The WWF Global Arctic Programme’s Head of Communications, Clive Tesar, attended the International Congress of Arctic Social Sciences in Iceland in order to track trends and the latest information about the peoples of the Arctic, as they are so central to WWF’s conservation efforts in this area. While at the conference, he posted a series of blogs – this is the first.
By Clive Tesar
Some people say WWF spends too much time talking about charismatic megafauna (a fancy way of saying interesting big animals). There is a reason we do that; if that’s what interests people then that’s how we start the conversation about conservation. In the Arctic, you’ll see us talking about walrus, about whales, and of course about polar bears. But I’m in Akureyri, Iceland right now to talk about another species of charismatic arctic megafauna – people.
The International Congress of Arctic Social Sciences meets only once every three years. It is important for WWF to be here to track the trends and latest information about the peoples of the Arctic, because they are central to our conservation efforts. Unless we work with them, and unless our conservation solutions work for them, our arctic work will be tough sledding. The Congress has brought experts from as far afield as China to talk about the people of the Arctic, their aspirations, their impacts, their societies, their adaptations to a fast changing world.

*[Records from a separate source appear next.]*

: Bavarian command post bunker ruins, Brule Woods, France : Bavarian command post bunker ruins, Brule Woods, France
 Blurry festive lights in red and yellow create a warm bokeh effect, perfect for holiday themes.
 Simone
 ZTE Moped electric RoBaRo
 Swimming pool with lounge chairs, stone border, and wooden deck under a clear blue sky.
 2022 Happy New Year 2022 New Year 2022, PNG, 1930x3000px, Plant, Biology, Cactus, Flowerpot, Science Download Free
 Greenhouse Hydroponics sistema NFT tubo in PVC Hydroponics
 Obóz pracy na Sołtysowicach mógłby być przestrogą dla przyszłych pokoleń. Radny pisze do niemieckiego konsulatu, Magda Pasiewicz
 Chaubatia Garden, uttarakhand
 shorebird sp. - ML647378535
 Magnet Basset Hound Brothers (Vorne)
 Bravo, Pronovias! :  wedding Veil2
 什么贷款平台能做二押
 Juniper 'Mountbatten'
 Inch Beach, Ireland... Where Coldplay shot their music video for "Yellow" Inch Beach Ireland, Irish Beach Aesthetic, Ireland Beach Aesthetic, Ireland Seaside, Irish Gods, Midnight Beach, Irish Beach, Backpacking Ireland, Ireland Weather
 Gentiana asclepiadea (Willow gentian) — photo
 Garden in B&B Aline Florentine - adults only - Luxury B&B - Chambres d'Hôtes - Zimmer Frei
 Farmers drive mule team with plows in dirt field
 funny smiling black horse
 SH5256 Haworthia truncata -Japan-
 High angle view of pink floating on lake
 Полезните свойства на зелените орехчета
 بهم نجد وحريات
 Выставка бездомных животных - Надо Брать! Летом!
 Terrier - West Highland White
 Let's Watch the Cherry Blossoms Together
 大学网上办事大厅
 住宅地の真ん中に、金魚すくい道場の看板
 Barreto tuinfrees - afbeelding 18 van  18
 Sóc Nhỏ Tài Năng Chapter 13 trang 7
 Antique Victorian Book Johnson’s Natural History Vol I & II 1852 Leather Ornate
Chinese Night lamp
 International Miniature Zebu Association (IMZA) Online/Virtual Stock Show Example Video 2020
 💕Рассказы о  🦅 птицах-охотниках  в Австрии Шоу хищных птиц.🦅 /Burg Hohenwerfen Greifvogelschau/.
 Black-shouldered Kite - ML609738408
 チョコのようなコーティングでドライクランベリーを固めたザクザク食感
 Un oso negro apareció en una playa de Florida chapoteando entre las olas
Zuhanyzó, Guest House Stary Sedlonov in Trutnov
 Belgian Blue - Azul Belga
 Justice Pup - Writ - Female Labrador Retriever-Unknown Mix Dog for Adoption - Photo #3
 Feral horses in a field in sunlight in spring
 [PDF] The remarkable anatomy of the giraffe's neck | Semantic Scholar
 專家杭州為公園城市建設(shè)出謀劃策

I picked up a snippet of Arctic changes today, and how they are affecting people. It is cold here in Akureyri, colder than usual in the summer. They’ve yet to crack double digits in the temperature, and it’s late June. The arctic terns, I was told today, are not yet breeding. Local people are worried if the birds don’t breed soon, then a whole generation could miss the long flight back to the Antarctic. They worry about the effects of that on the ecosystems here.
I was also told that local fishermen along this north coast of Iceland are usually expecting to fish for krill this time of year – but none have shown up so far, and the fishermen think colder than usual water is to blame. And what’s causing the exceptional cold? The theory I heard is that the unusual warmth northwest of here keeps the Arctic Ocean ice free for longer, and that the increased amounts of open water there have changed weather patterns here. This is the sort of uncertain world that the social scientists have gathered to dissect.